When the recording info (date, editions, artists, composers, etc.) is not available, I check discogs. The site usually has good information of each album, including different reissues.

https://www.discogs.com/search/


----------



## Bulldog (Nov 21, 2013)

regressivetransphobe said:


> I wouldn't consider liner notes terribly important, but they factor into whether I'd buy something or download it.

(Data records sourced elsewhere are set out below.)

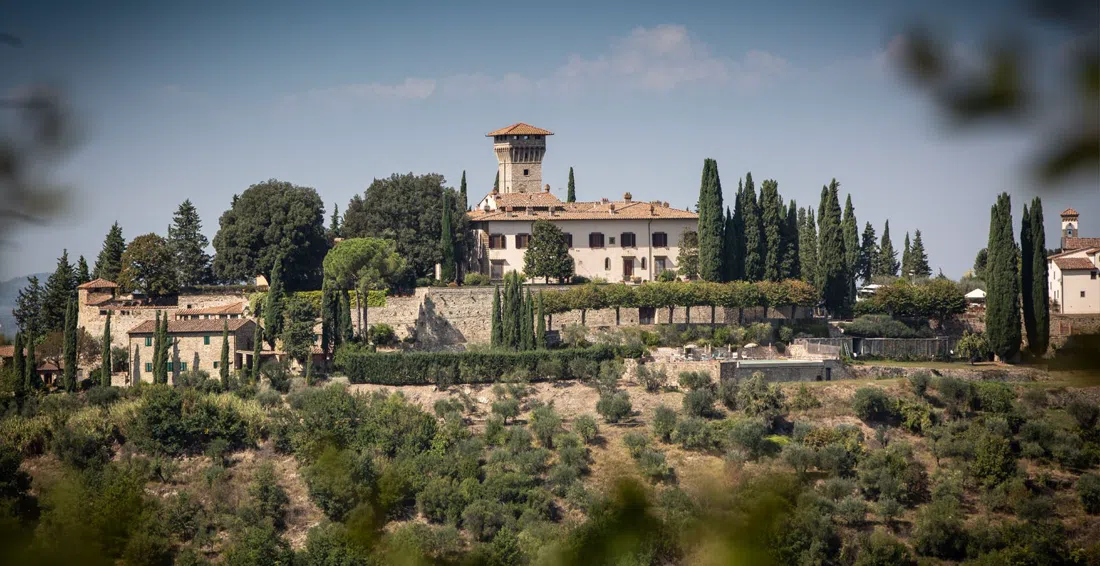 Castello Vicchiomaggio, Florence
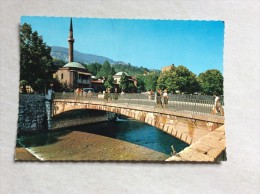 AK   BOSNIA   BOSNA  ISLAM    SARAJEVO   MOSQUEE - Islam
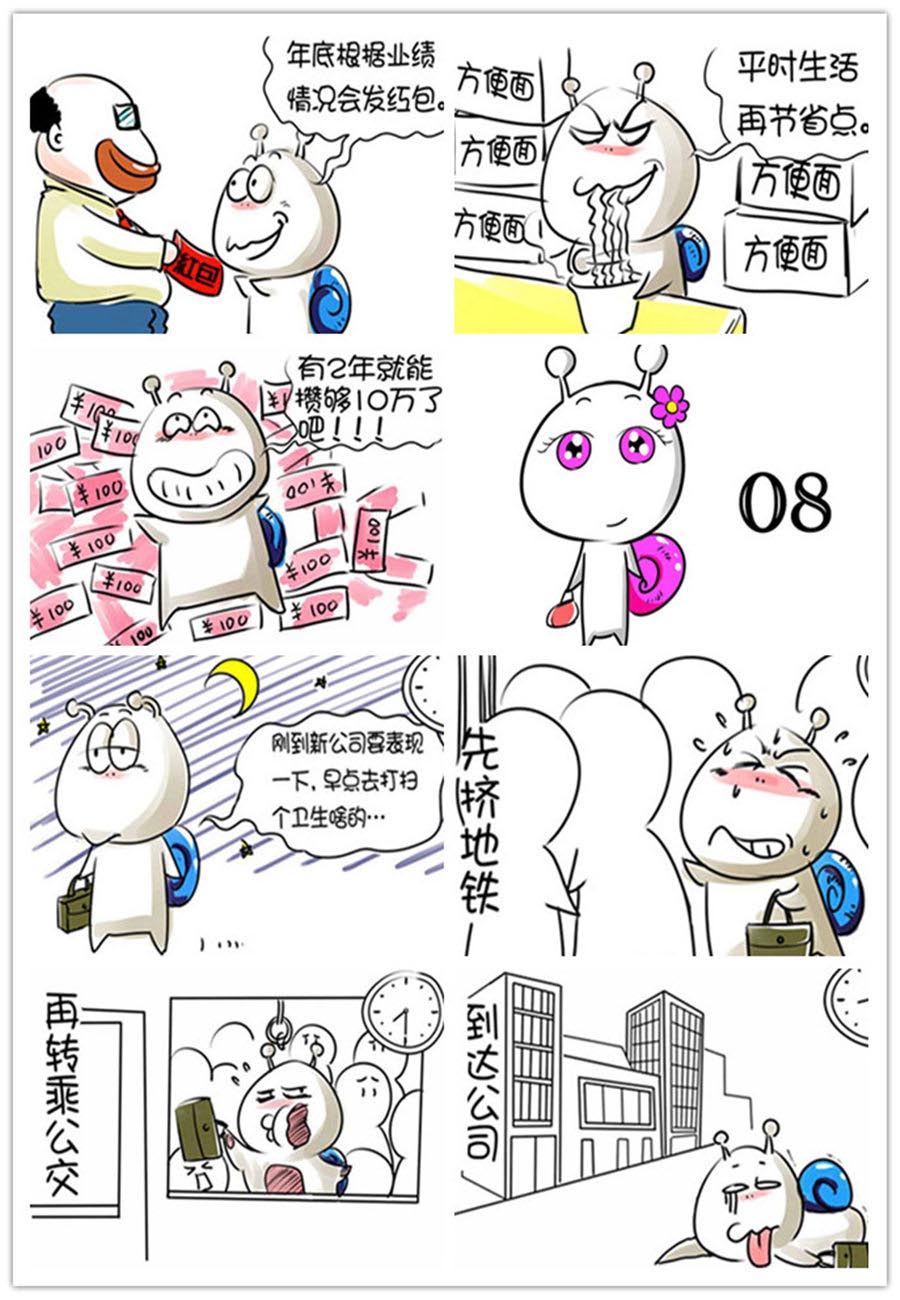 《别爱慕哥，哥是房奴没传说！》别爱慕哥，哥是房奴没传说！ 第1集 第6页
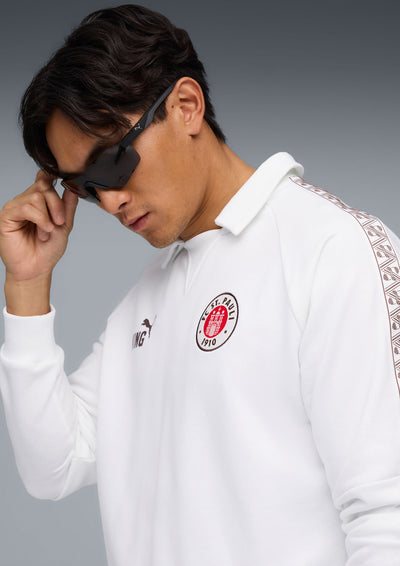 Puma - Sweatshirt "King" weiß 2025-26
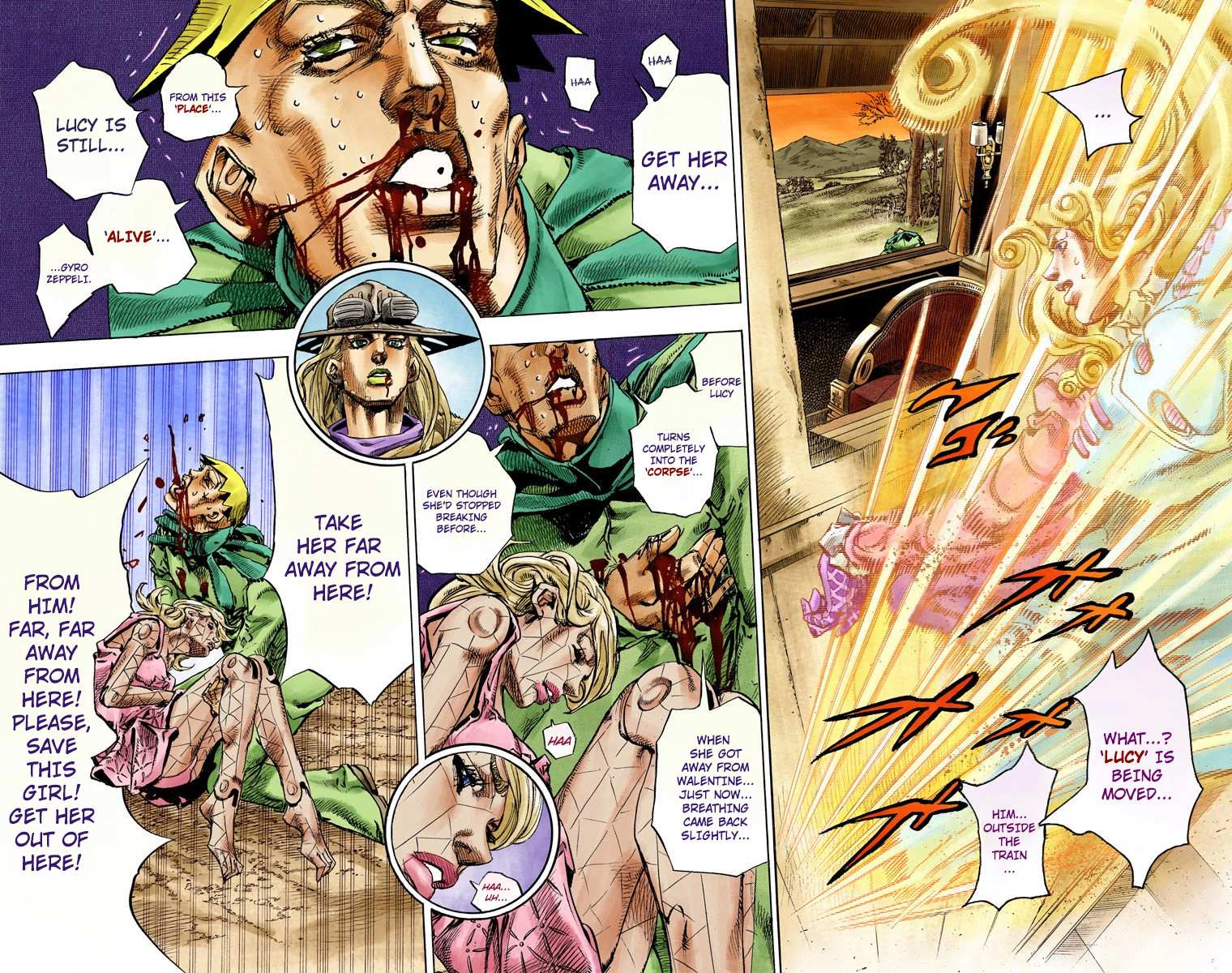 Read Jojo's Bizarre Adventure Part 7 Steel Ball Run Manga Online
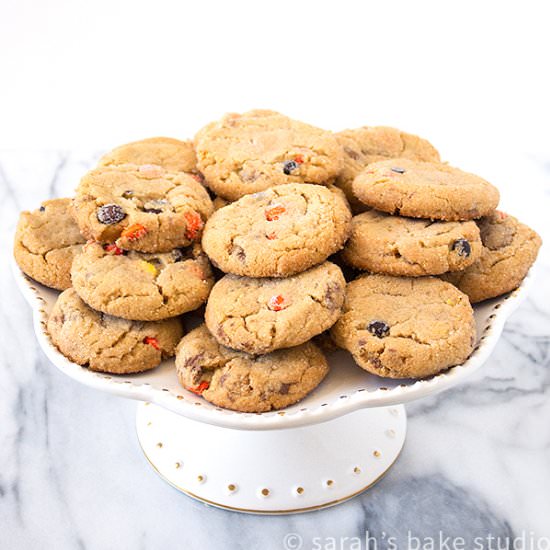 Loaded Reeses Peanut Butter Cookies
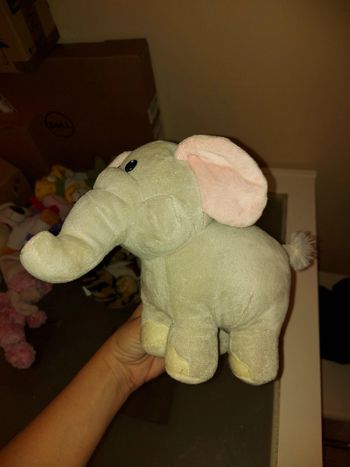 Peluche éléphant
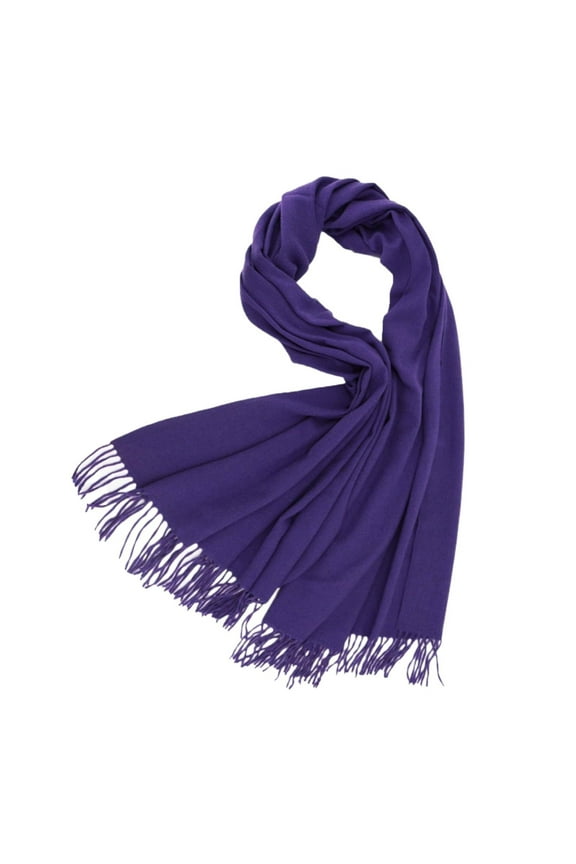 Fall Scarves Plaid Scarf Warm Scarf Thick Scarf Winter Scarf Scarves for Women Winter Scarves for Women One Size Purple One Size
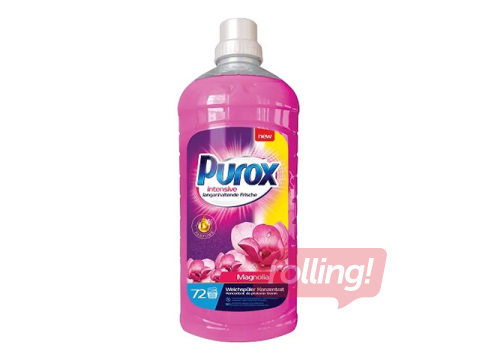 Veļas mīkstinātājs Purox, Pink Magnolia, koncentrāts, 1.8l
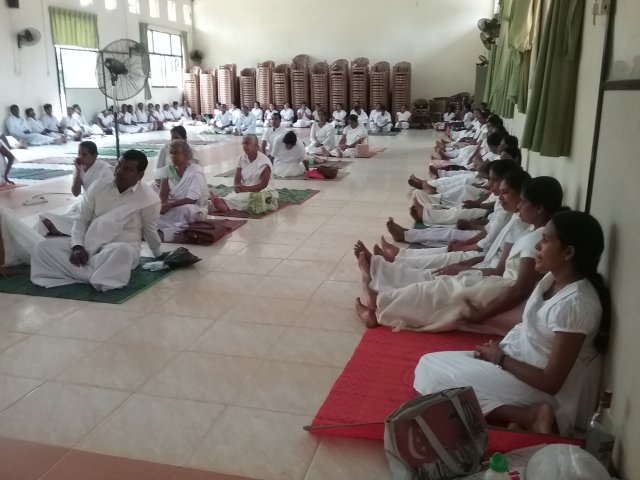 සීල භාවනා වැඩසටහන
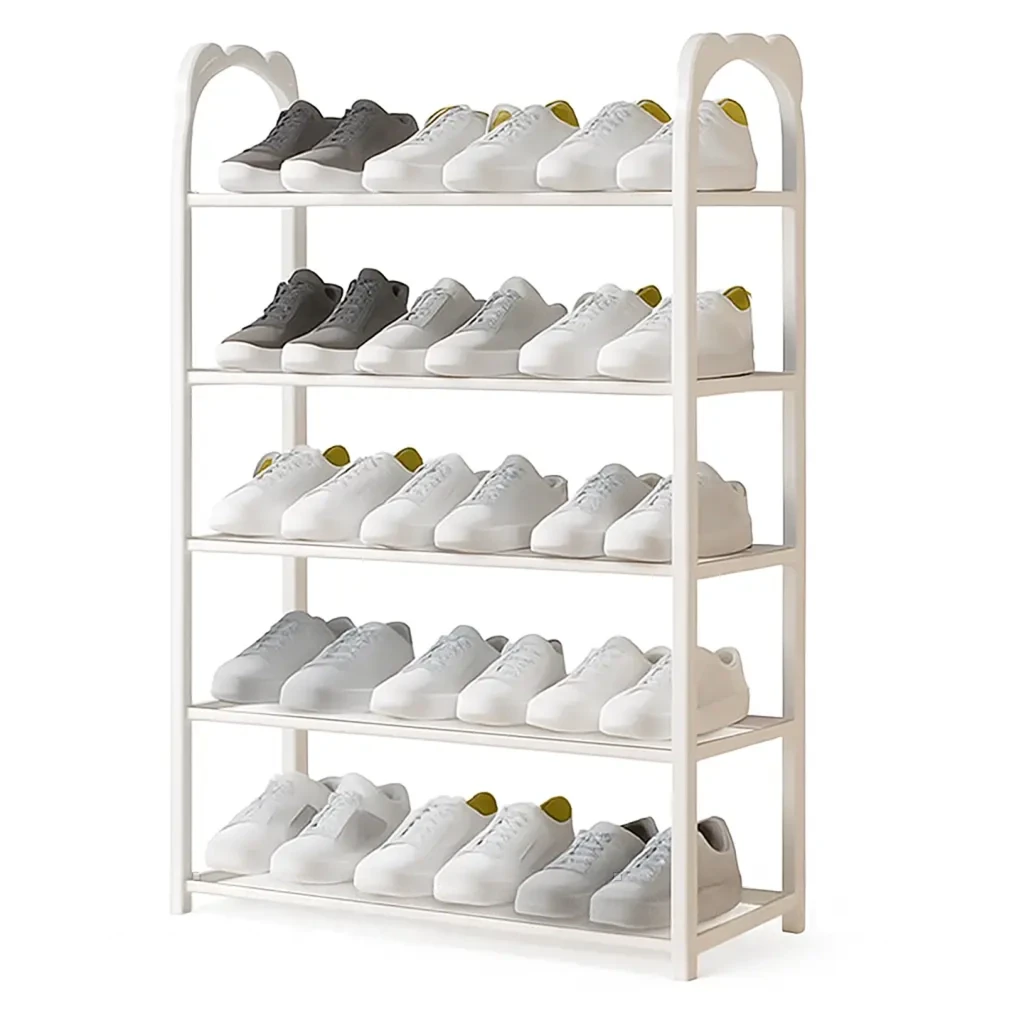 Стеллаж для обуви пластиковый на 5 полок (МКС308)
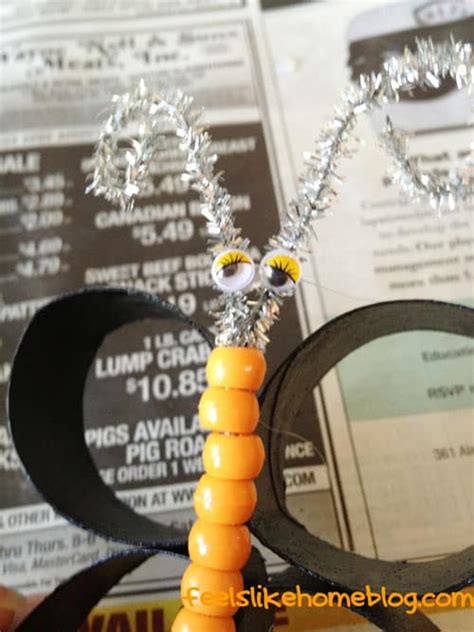 Easy Beaded Butterfly Craft - Feels Like Home™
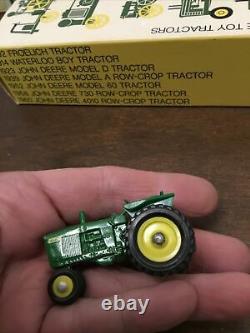 Vintage ERTL John Deere Evolution of Tractors #560 Set NIP 1892-1960 Miniature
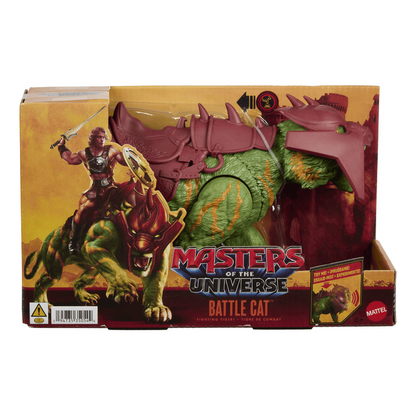 Mattel Masters of the Universe Movie Battle Cat Feature Action Figure with Chomp & Roar 194735350544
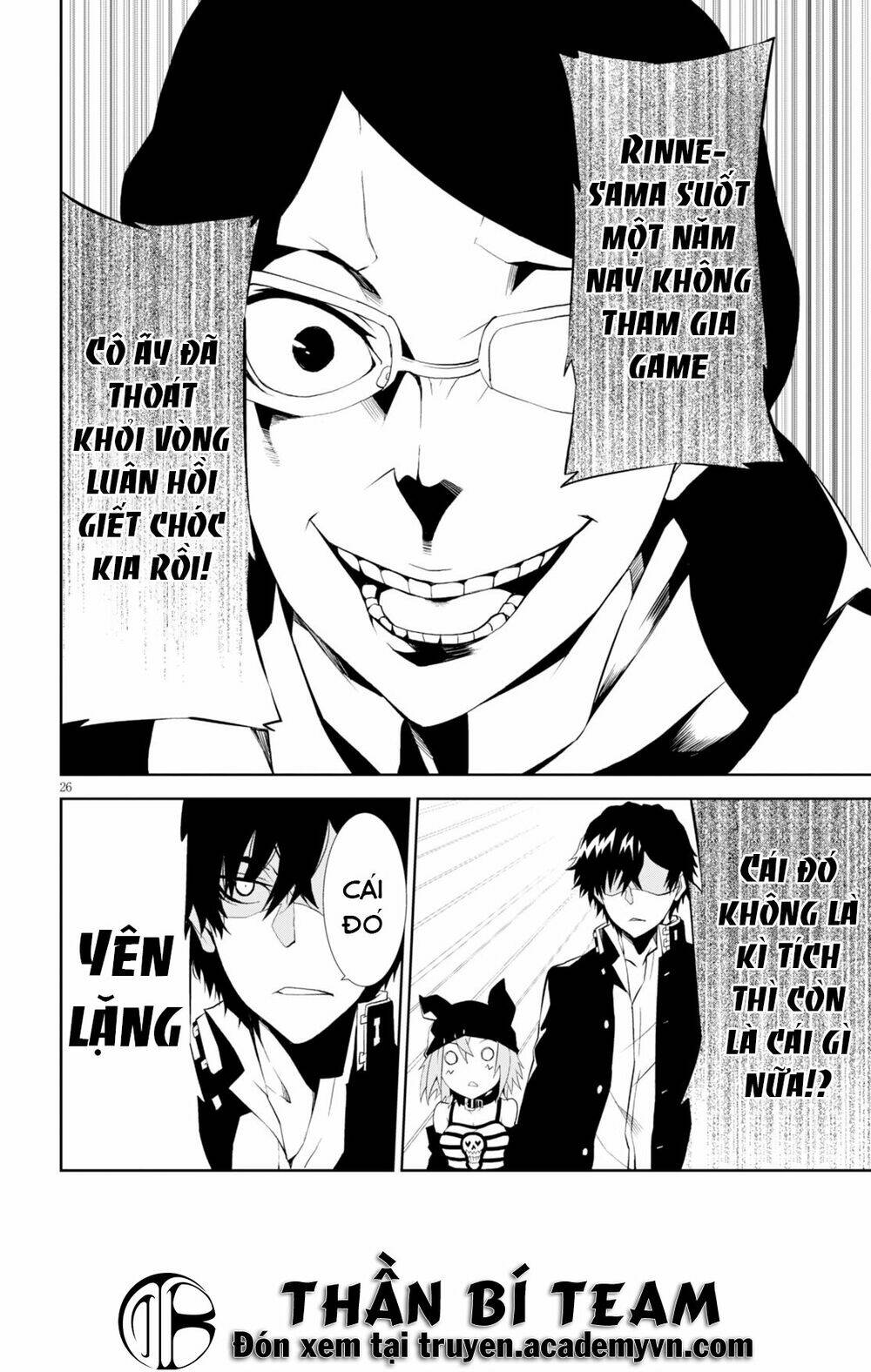 Rengoku Deadroll Chapter 6 - Trang 27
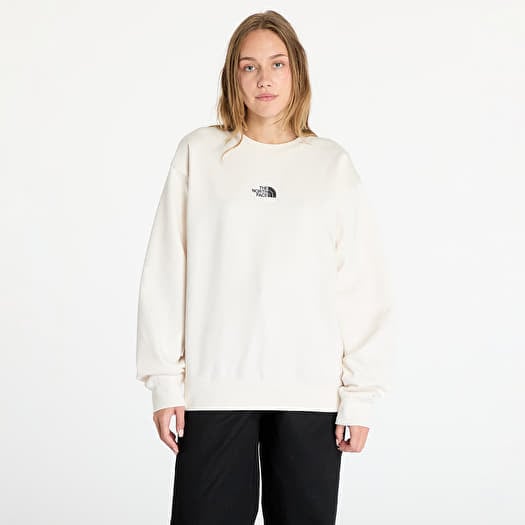 Sweatshirt The North Face W Essential Oversize Crew White Dune
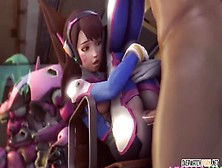 Dva And Mercy Xxx Collection With Blowjobs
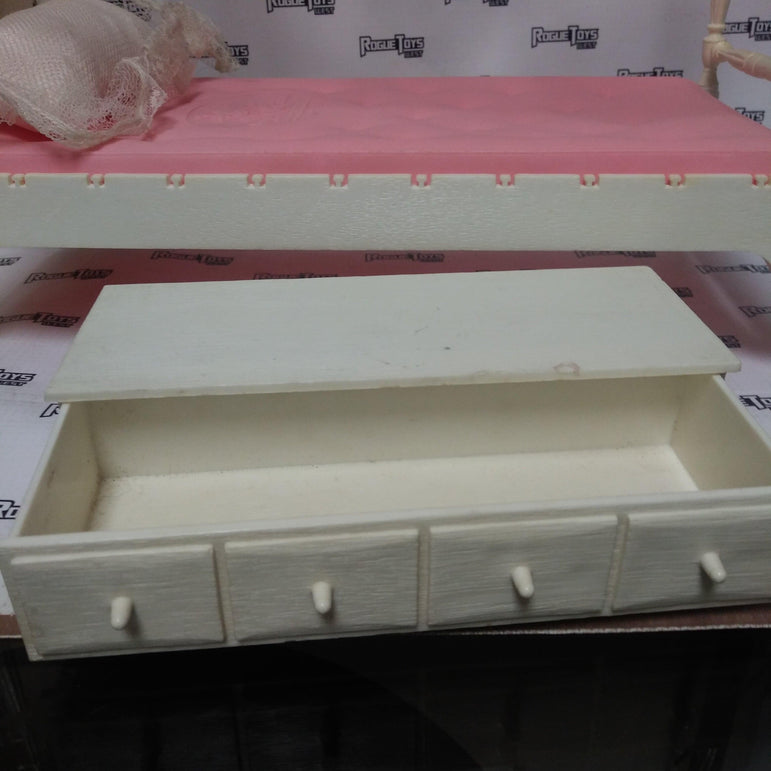 Mattel Susy Goose Barbie Bed W/Drawer/Canopy - Rogue Toys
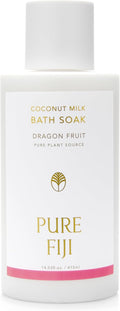 Pure Fiji Coconut Milk Bath Soak, Dragon Fruit by PureFiji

Although they are nice to have, liner notes do not play a role in my acquisition decisions. It's the music that counts.


----------



## Guest (Jul 1, 2019)

HistoryJoe said:


> Sorry to resurrect an ancient thread, but does anybody know of a route towards this end? I've been getting a fair amount of MP3 albums from Amazon and have not discovered a way to get liner notes. Is there a way maybe from the actual record companies? If anybody has some suggestions of where to start or if there are particular labels that make this easy, I could stick more to them.
> 
> Things I'm interested in: actual date of the recording (musicbrainz has some of this info) and, especially with soloists, thoughts on the interpretations in this recording. Actual history of the composition isn't really important to me unless it's something non-canon like Eberl or Kraus or modern works.
> 
> Thanks


If you buy a download from presto classical or eclassical instead they often (not always) supply linear notes in pdf format.


----------